Zum Abgasskandal hat der EuGH Fragen aus Deutschland beantwortet. Wenn einem Autokäufer Schadenersatz zusteht, dürfe dabei der Vorteil der Nutzung des Fahrzeugs zwar angerechnet werden. Aber: Die Summe muss angemessen sein.
Das Landgericht Ravensburg bearbeitet mehrere Fälle, bei denen Kunden den VW-Konzern auf Schadenersatz verklagt haben. Einer der Kläger ist Thomas Vögtle. 2016 hatte er für seine sechsköpfige Familie einen VW-Bus mit Dieselmotor gekauft, bei dem ebenfalls eine unzulässige Abschalteinrichtung verbaut wurde. Für das Verhalten des Autokonzerns nach Auffliegen des Abgasskandals hat er wenig Verständnis: "Das fehlende Unrechtsbewusstsein von VW ärgert mich eigentlich am meisten."
Auch im Fall von Vögtle muss das Landgericht Ravensburg prüfen, ob und wie viel Schadenersatz ihm zusteht. Da es auch um europäisches Recht geht, hatte das Landgericht den Europäischen Gerichtshof (EuGH) gebeten, mehrere Rechtsfragen zu klären, insbesondere zur Höhe des Schadenersatzes.
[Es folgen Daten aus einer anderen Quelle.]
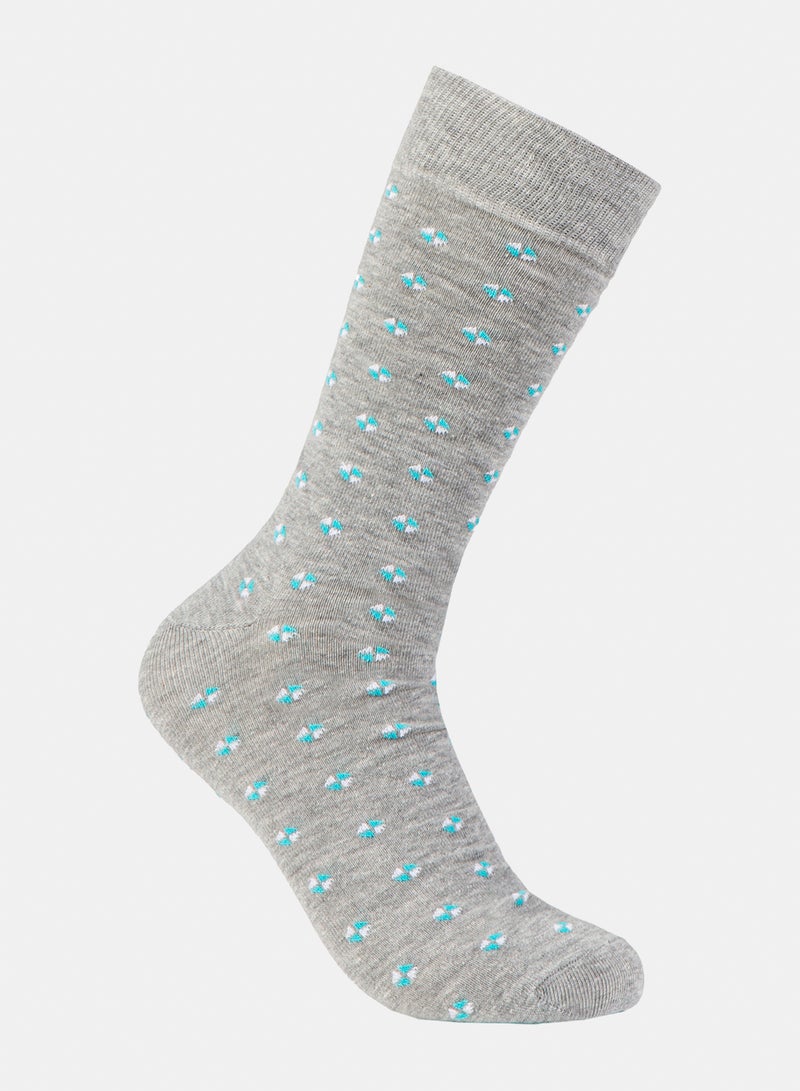 Odds Men's  Pack of 3 Classic Patterned Socks - Image 4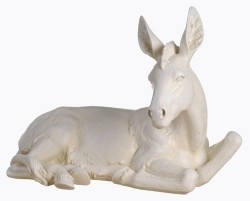 Ivory Donkey Figure for 39 inch Nativity Set [RM0325]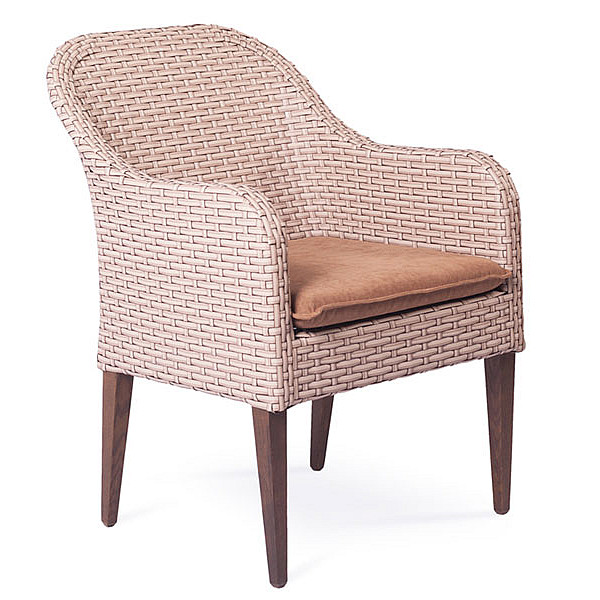 Кресло из ротанга Pradex Рондо Бежевое-0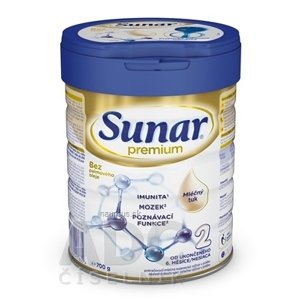 Semper AB Sunar Premium 2 následná mliečna výživa (od ukonč. 6. mesiaca)1x700 g 700g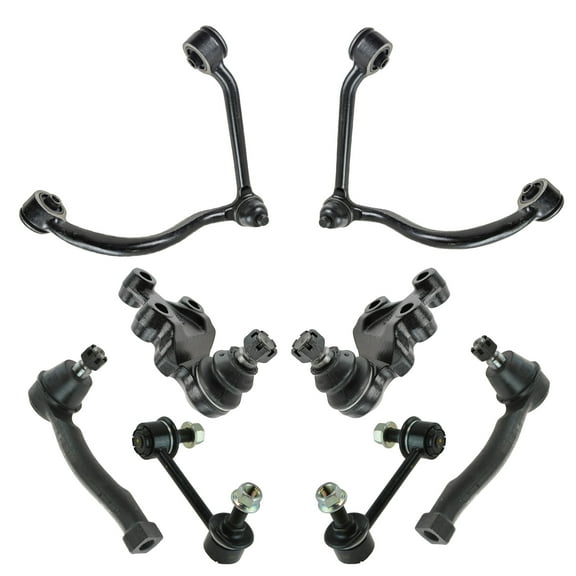 Front Upper Control Arm Ball Joints Sway Links & Outer Tie Rods Kit for Sorento PSA69582 Fits select: 2004-2006 KIA SORENTO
Bundesgerichtshof begrenzte Schadenersatz auf 15 Prozent des Kaufpreises
Vor zwei Jahren hatte der Bundesgerichtshof für deutsche Kläger entschieden: Wenn jemand sein Auto weiterfährt, bekommt er fünf bis maximal 15 Prozent des ursprünglichen Kaufpreises als Wiedergutmachung. Dabei muss sich ein Kläger die gefahrenen Kilometer anrechnen lassen.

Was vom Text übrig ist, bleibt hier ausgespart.